Partners hands together teamwork

Timing is everything – whether you’re baking a cake, trying to hop on a moving merry go-round (do those still exist?), or figuring out how to replace a crumbling but heavily used bridge.

Some might look at the changes happening since January 20 and wonder how our NW Rural Investment Strategy team will be able to successfully complete our pilot community projects with the uncertainty surrounding federal funding programs. Or the decrease in staff to effectively manage those programs.

As we meet with the mayors of these pilot communities (which we anticipate announcing before the end of the month as the last few councils approve their MOUs), this new federal landscape does cause concern, as does the state’s current budget deficit.

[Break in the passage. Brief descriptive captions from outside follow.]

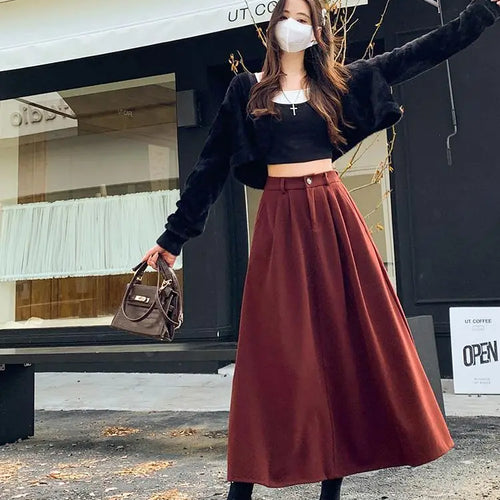 Load image into Gallery viewer, Vintage Black Red Elegant High Waist Woolen Long Skirt Women 2024 Autumn Winter Grey Vacation Party A Line Pleated Skirt Popular
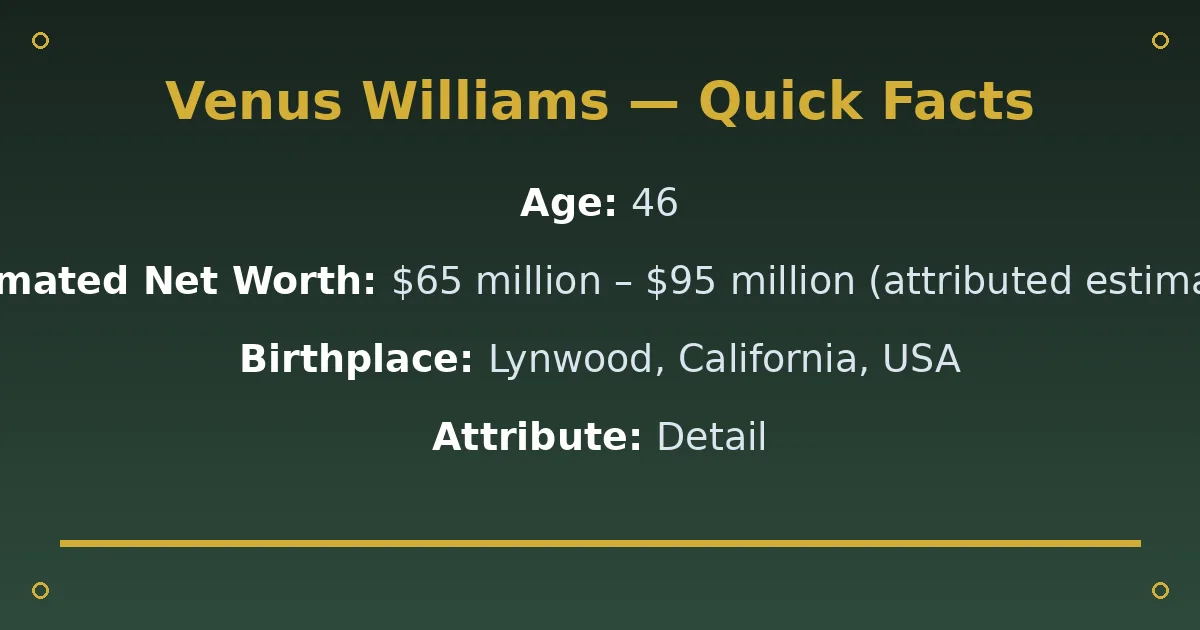 Venus Williams Biography: Age, Husband, Net Worth & Career 2 Venus Williams Biography: Age, Husband, Net Worth & Career quick facts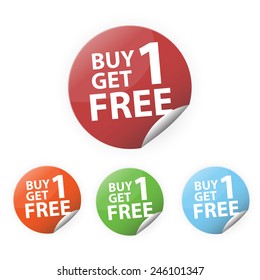 buy1 get1 free set sticker vector icon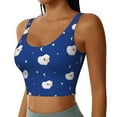 thumbnail image 2 of Fotbe Moon Lamb Pattern Womens' Sports Bra Longline Wirefree Padded with Medium Support Sports Moisture-Wicking Workou Vest,Tank Top-Large, 2 of 9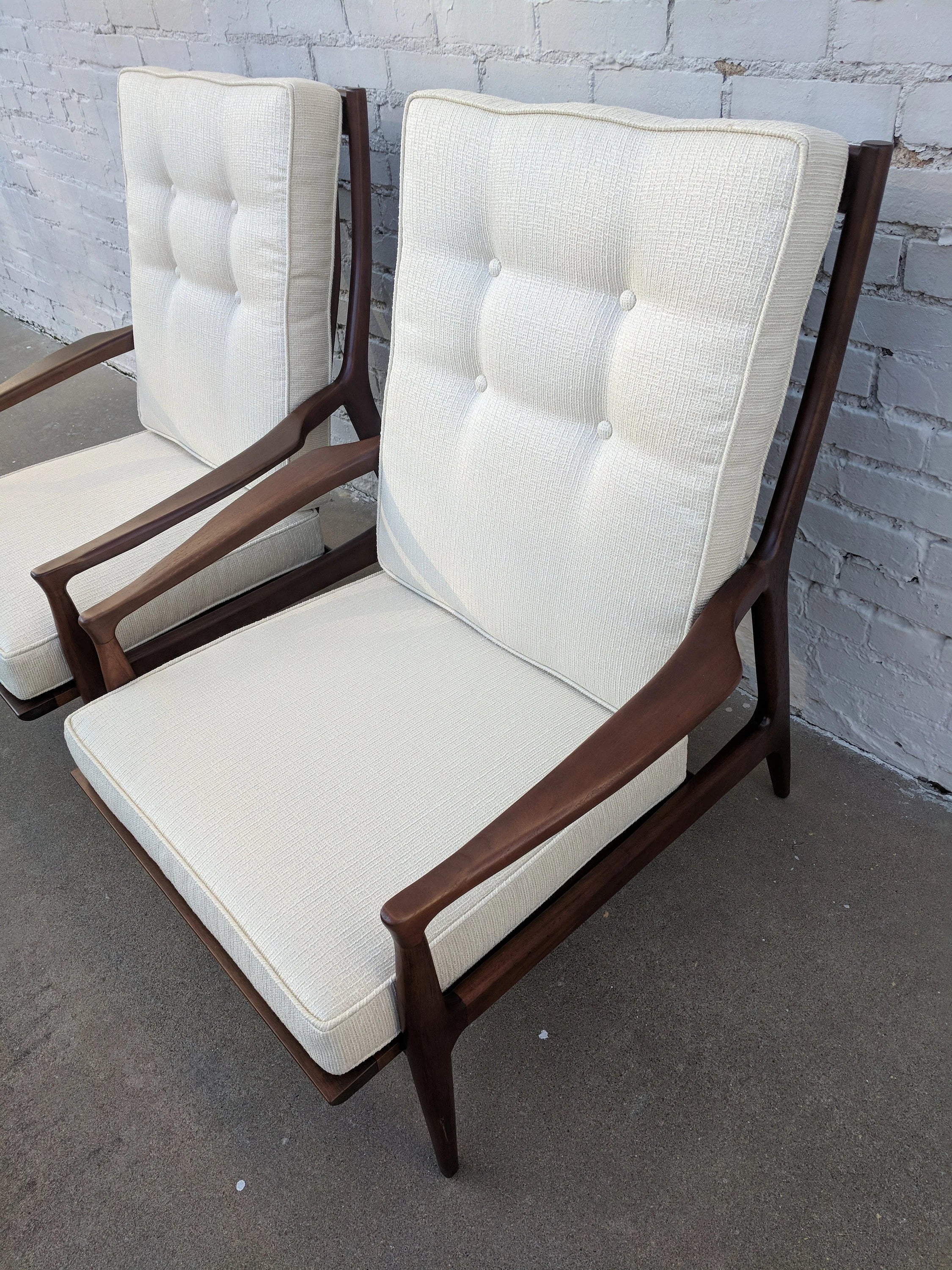 Mid Century Modern Milo Baughman Walnut Lounge Chairs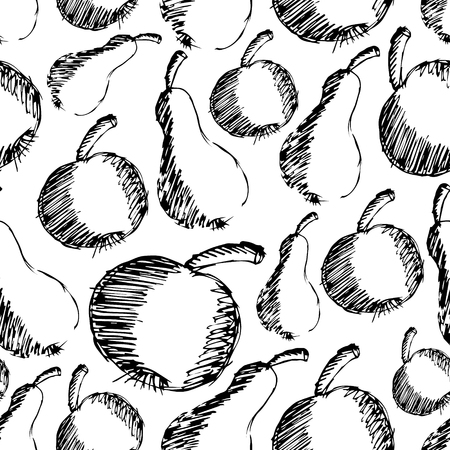 apple and pear hand drawn doodle icons seamless pattern のイラスト素材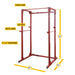 Body-Solid Best Fitness Power Rack BFPR100B Red power rack with labeled dimensions and features including chin-up bar, safety arms, and lift-offs for strength training.
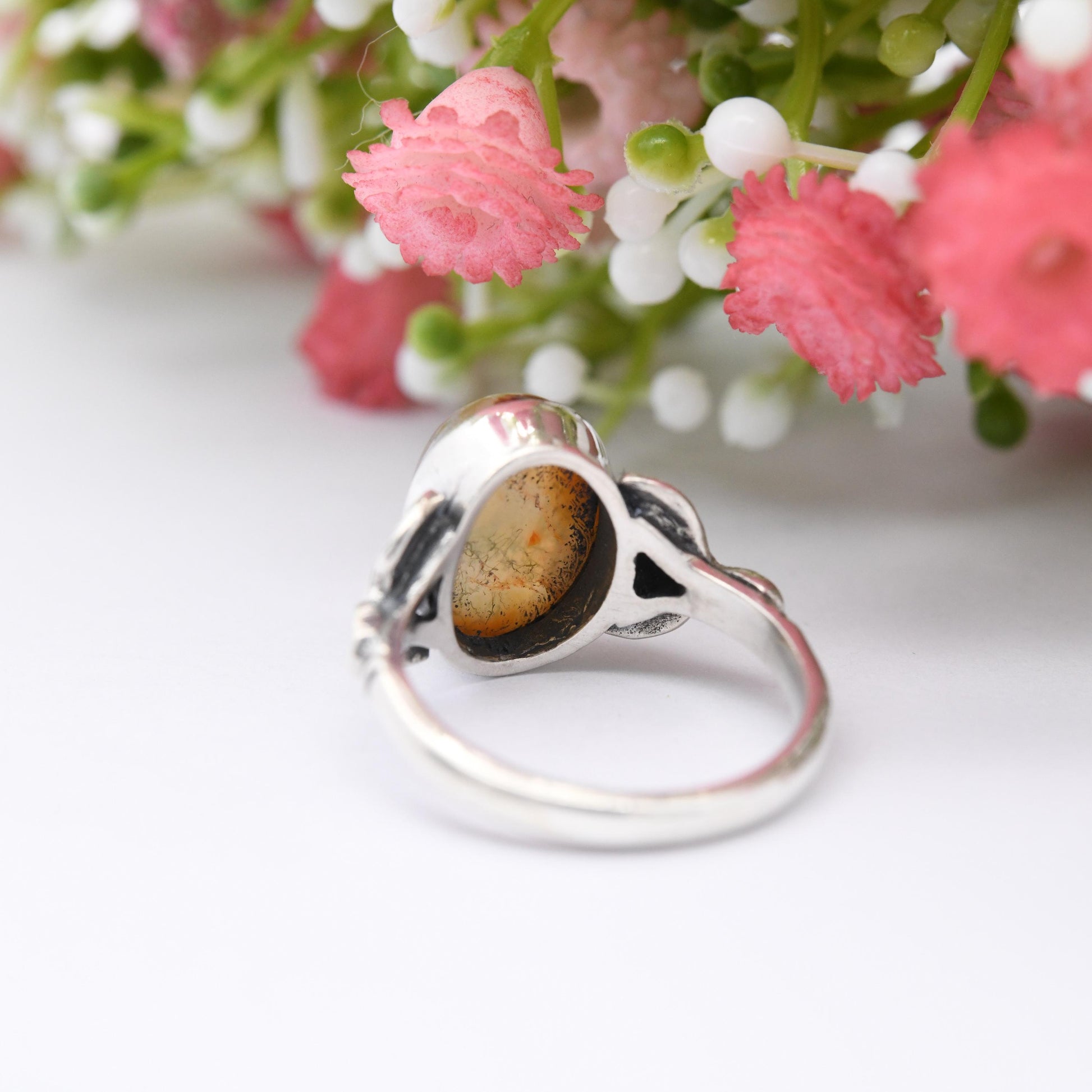 Vintage Sterling Silver Moss Agate Ring Leaf Setting - Statement Mid-Century Gemstone White Orange Green | UK Size - L 1/2 | US Size - 6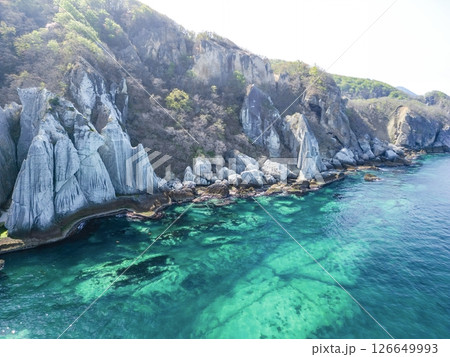 空撮「青森県」神秘的な風景が広がる仏ヶ浦　佐井村 126649993
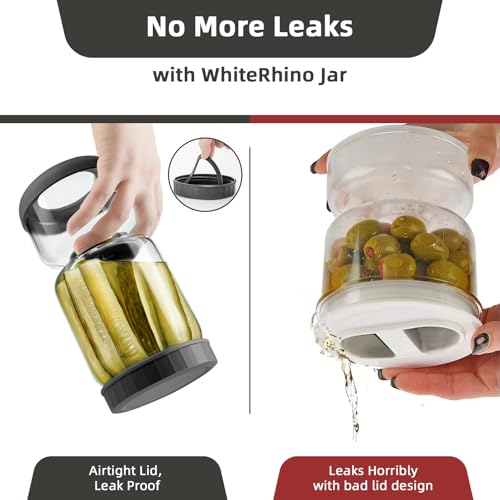 Glass Pickle Jar with Strainer Flip (46 Fl Oz)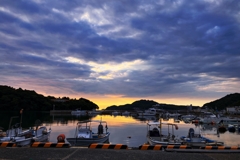 漁港の夕景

However, none of the political, economic or financial turmoil changes the fact that rural communities are struggling under the weight of their infrastructure, public safety and community challenges. Federal changes are going to acutely impact rural communities and residents, and so far, it appears, not in a positive way. The potential loss of infrastructure funding, layoffs, decreased funding for food banks, rural hospitals and now rural banks – everything will be affected in some way. And rural communities will feel these losses and their ripple effects more severely.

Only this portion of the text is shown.